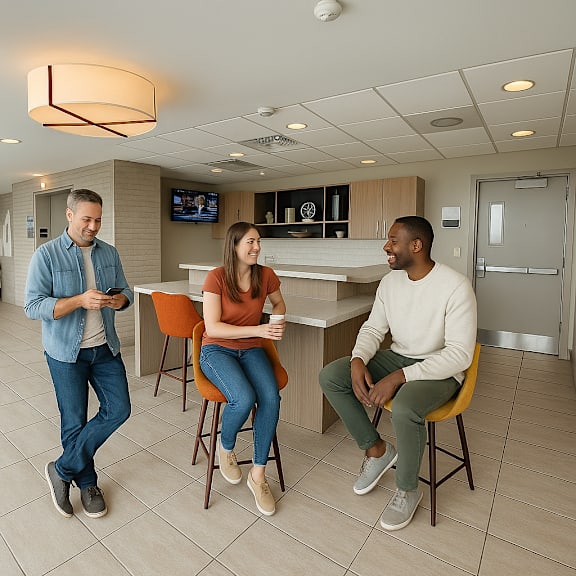 Three people are sitting and standing in a modern kitchen.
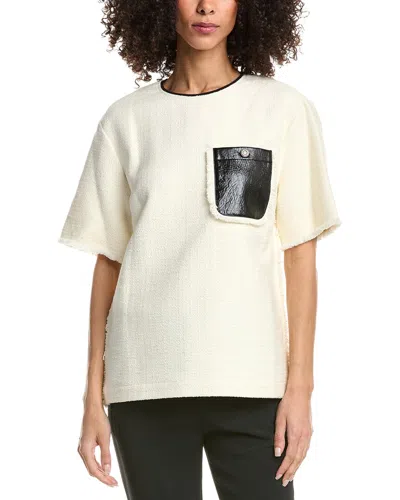 3.1 Phillip Lim Tweed Boxy T-shirt In Neutral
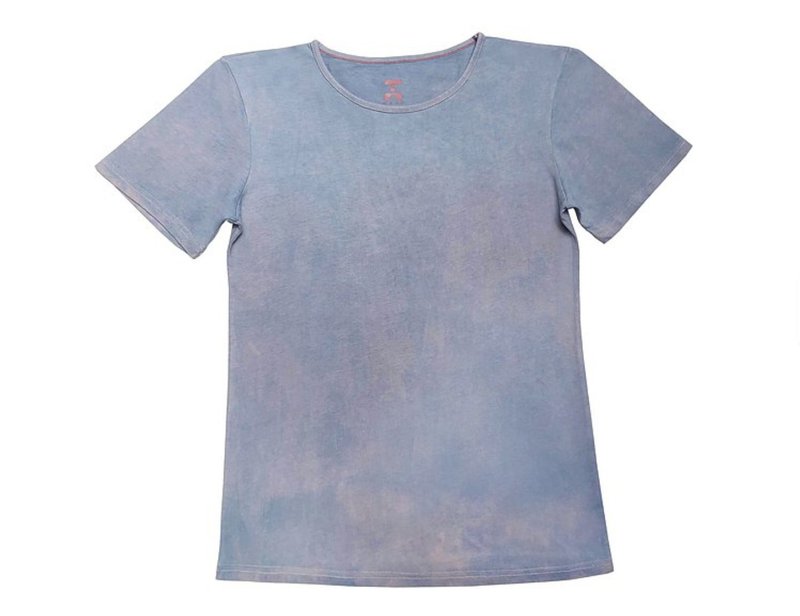 雲海 天然混合素染T (藍染/茜草套染) Organic Cotton - 帽T/大學T - 棉．麻 紫色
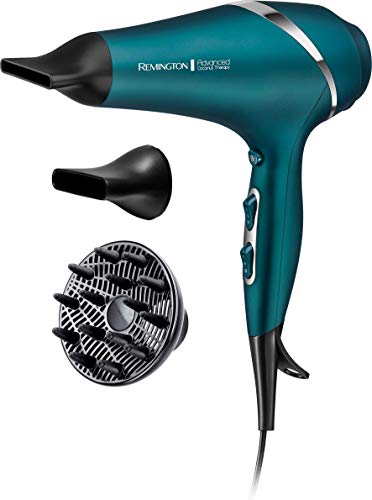 Remington Advanced Coconut Therapy AC8648 - Secador de Pelo, Secador Iónico, 2 Concentradores y 1 Difusor, 2300 W, Azul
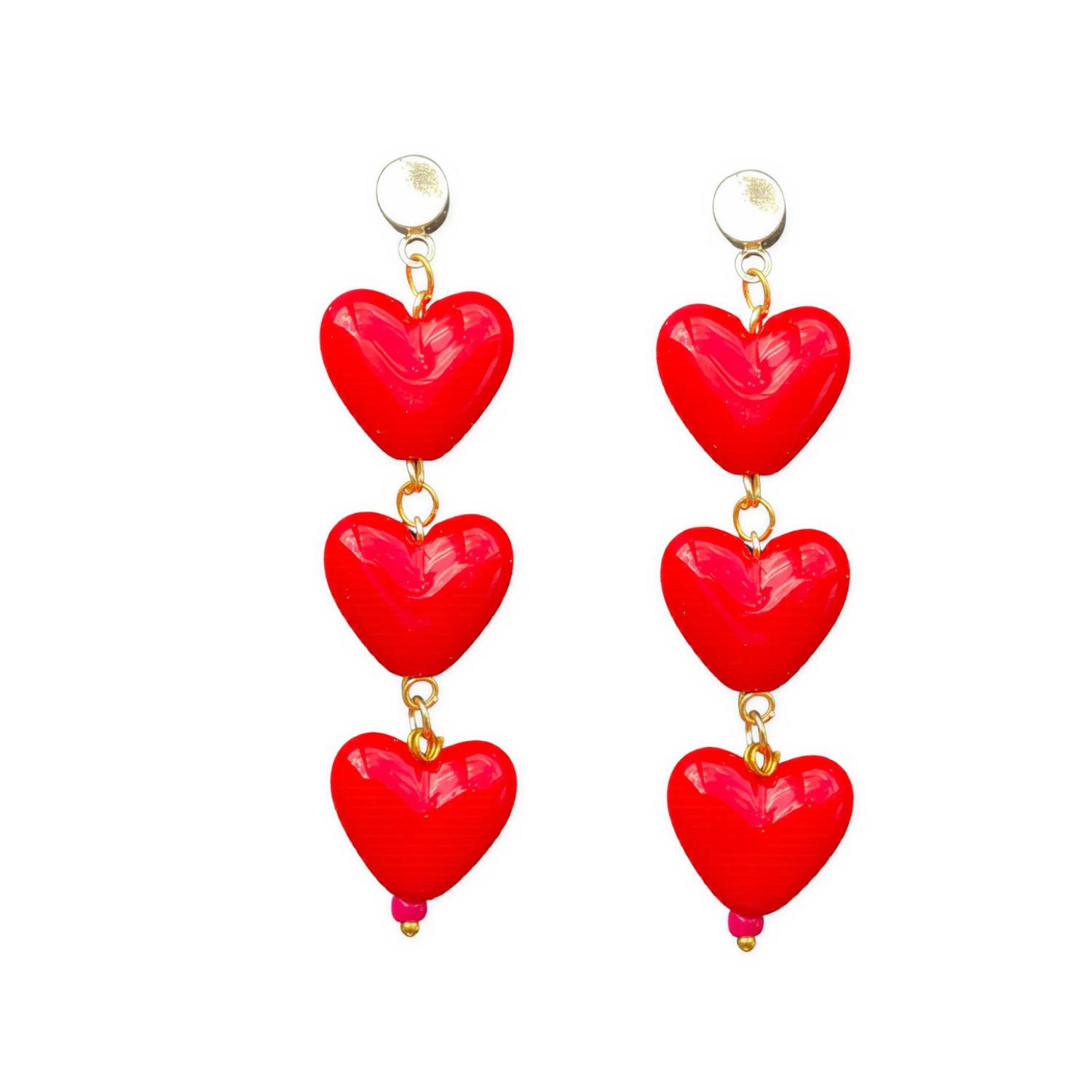Triple Heart Earrings – Red Acrylic Statement Love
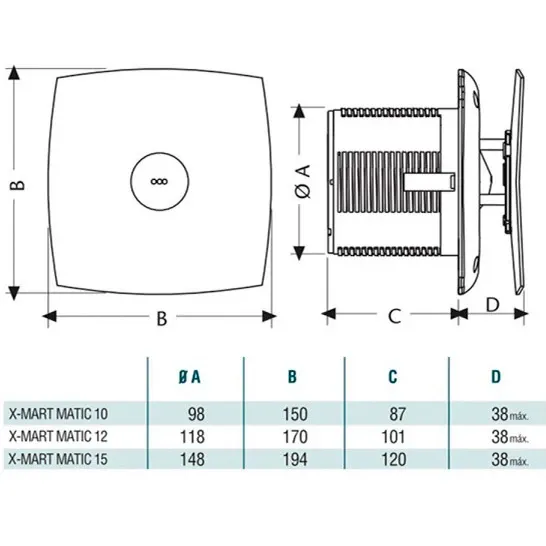 Вытяжной вентилятор Cata X-MART 10 MATIC T Фото - 3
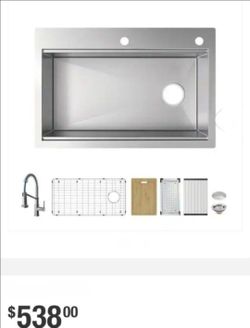 New Dolancourt Tight Radius 33x22x9 in. Dual Mount Single Bowl 18G Stainless Kitchen Sink Spring Neck Faucet. Small Dent on back corner. Retails $560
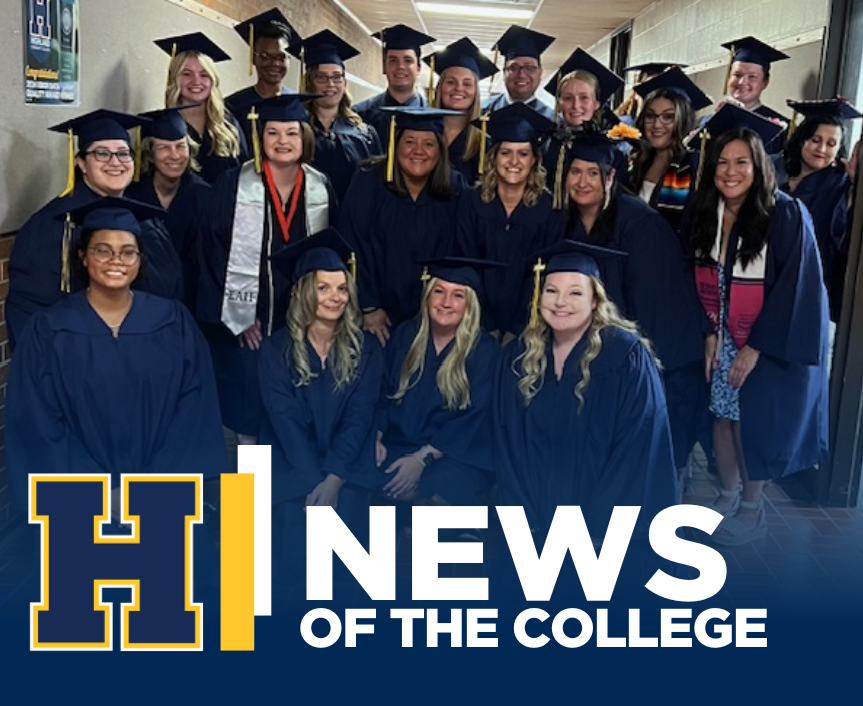 News of the College, nursing students at HCCTC pose as a group at graduation commencement. 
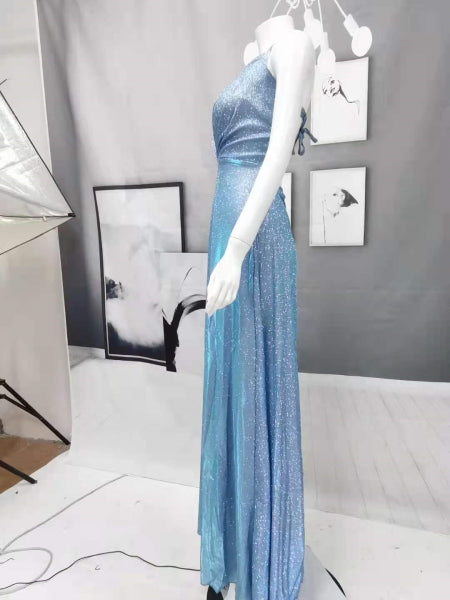 Plus Size Women Suspender V Neck Lace Up Sleeveless Backless Evening Dress 7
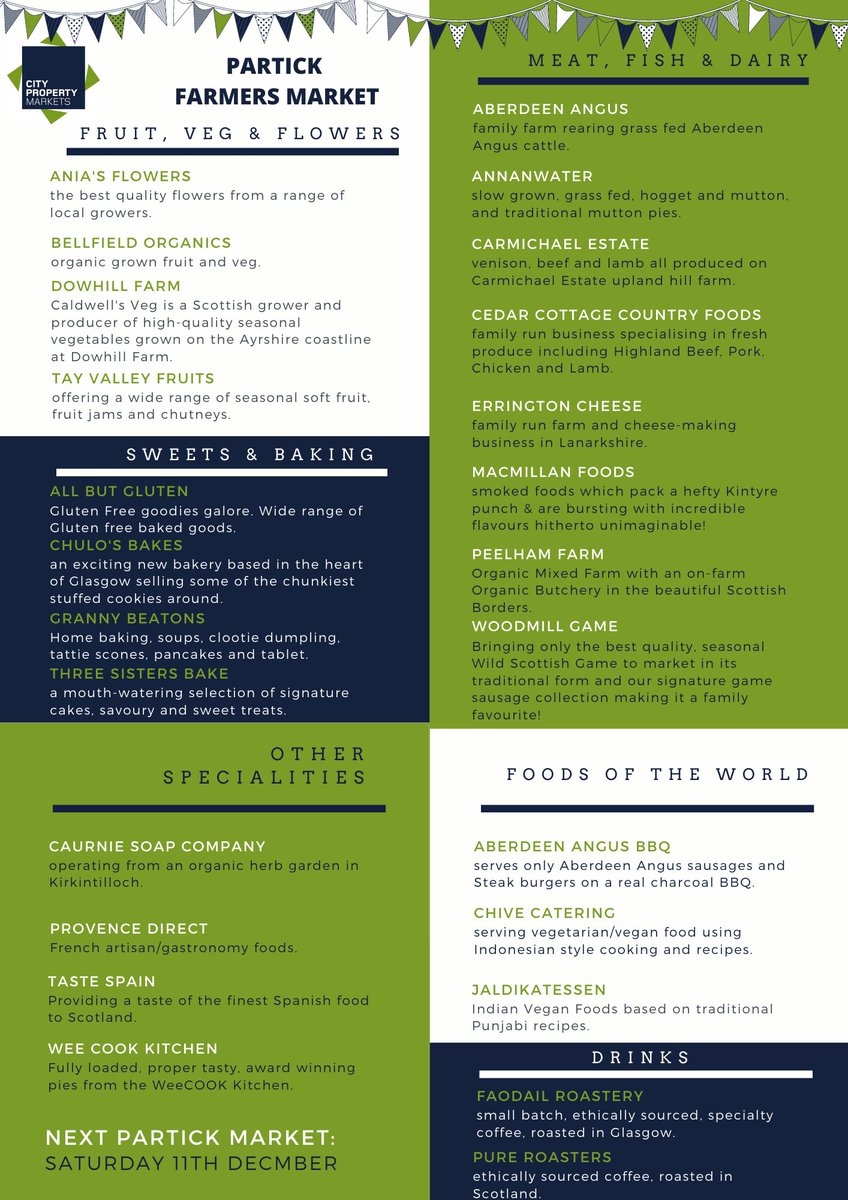 Hot off the press - the stall list for tomorrow's Partick Farmers Market. Find us in Mansfield Park,  Partick from 10am until 2pm.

##############################

■ **ACTIVITY**:
An exact restatement of the lines from the one holding "News of the" through the end of the entries, both ends included, is the whole answer. Pictures stay out.

■ **WORKED SOLUTION**:
 News of the College, nursing students at HCCTC pose as a group at graduation commencement. 
 Plus Size Women Suspender V Neck Lace Up Sleeveless Backless Evening Dress 7
 Hot off the press - the stall list for tomorrow's Partick Farmers Market. Find us in Mansfield Park,  Partick from 10am until 2pm.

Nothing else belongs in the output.